In claims stemming from the detainment of suspected shoplifters, courts will look to New York General Business Law § 218 (referred to as “shopkeeper’s privilege”). The statute shields police officers, shopkeepers, and their employees or agents from liability when detaining potential shoplifters so long as the detainment was based on reasonable grounds, occurred in a reasonable manner, and lasted for a reasonable time. 

Although courts have traditionally interpreted the statute quite broadly, some limitations have arisen in recent years. In Orellana v. Macy's Retail Holdings, Inc., 36 N.Y.S.3d 547 (Sup. Ct. N.Y. Cnty. 2016), the plaintiff was suspected of shoplifting and detained by one of Macy’s Loss Prevention Officers. By combining its power to detain under General Business Law § 218, with its power to collect civil penalties from suspected shoplifters under General Obligations Law § 11-105, Macy’s refused to release the plaintiff until she confessed and paid a civil penalty.
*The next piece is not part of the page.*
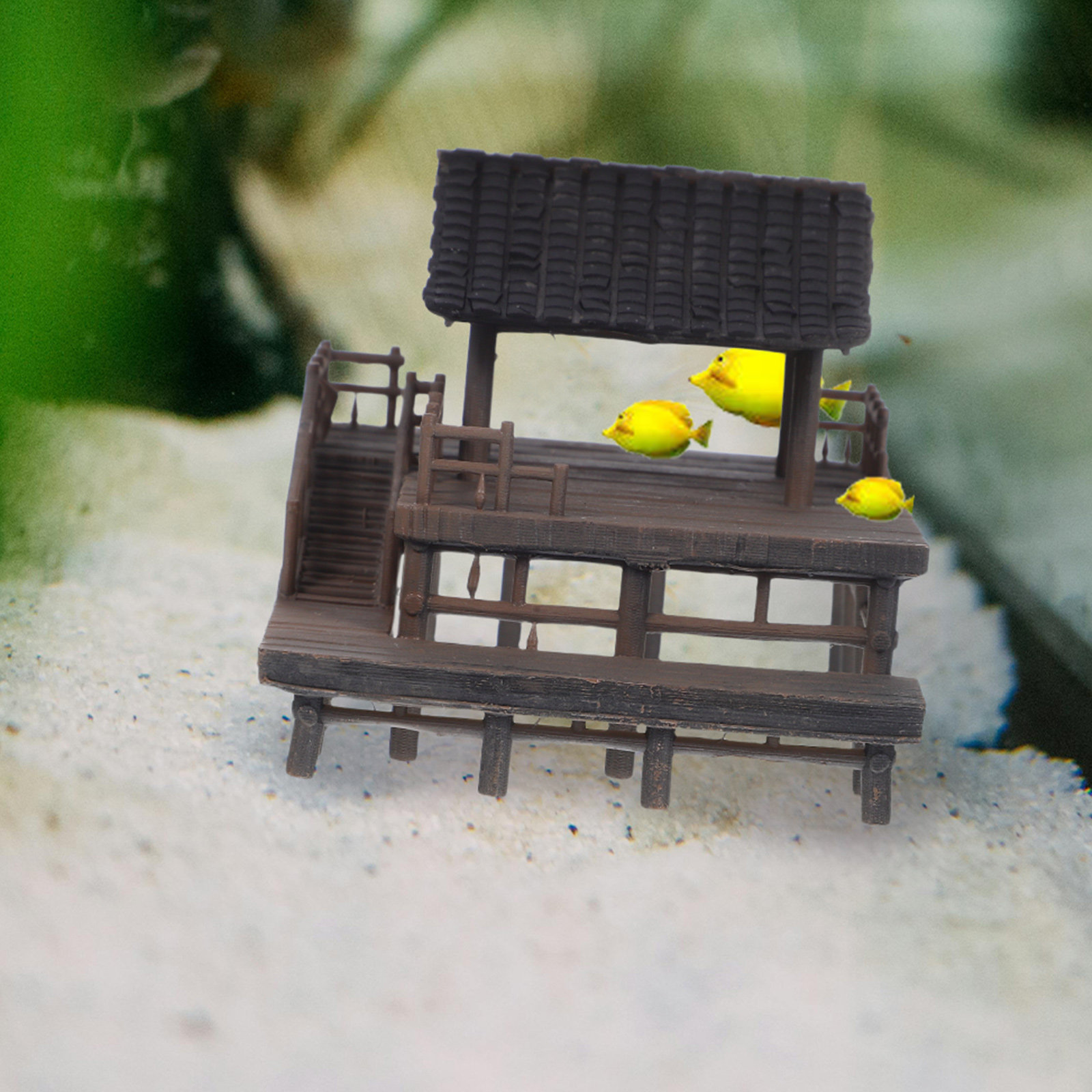 Statua a Forma di Mini Padigli - Mini Bonsai Zen Garden recensione e prezzo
The court found that Macy’s overstepped its authority under § 218 as the store was “detaining, investigating, eliciting a confession and recovering civil penalties at the time the suspected shoplifter is in Macy's custody, and then instead of releasing the individual, continuing to detain them and pursue criminal punishment.” Id. at 553. 

A proposed amendment to General Business Law § 218 addresses this very issue by both changing the definition of “reasonable time” to not exceed one hour (except in extraordinary circumstances) and mandating that the release from detainment shall not be conditioned on the detainee “sign[ing] any documents, statements, or agreements to pay damages.” N.Y. State Assemb. A00310 § 3-4, 244th Ann. Legis. Sess. (N.Y. 2021). It is unclear if and when the proposed legislation will be passed. 


Security guards can be liable for negligence in limited situations. The threshold question in any negligence claim is whether the defendant owed a duty of care to the plaintiff. The various duties and responsibilities of security guards are usually laid out in contractual agreements with the entities that hire the guard’s services. Since contracts generally do not create a duty of care towards third-parties, plaintiffs must show either they were a named party in the agreement, they were an intended third-party beneficiary, or the security guard assumed a duty of care.
Security guards can assume a duty of care towards unintended third-parties if the following three requirements are met: (1) the security guard launched a force or instrument of harm by failing to exercise reasonable care in performing contractual responsibilities; (2) the plaintiff detrimentally relied on the continued performance of the contractual duties; and (3) the security company entirely displaced the landowner’s duty to maintain safe premises. Cullen v. Henry Phipps Plaza E., Inc., 2021 N.Y. Misc. LEXIS 19, at *11-13 (Sup. Ct. N.Y. Cnty. Jan. 4, 2021) (granting summary judgment for defendant security company because the security guard did not launch the instrument of harm, the plaintiff failed to allege detrimental reliance, and the security guard did not entirely displace the landowner’s duty to maintain safe premises).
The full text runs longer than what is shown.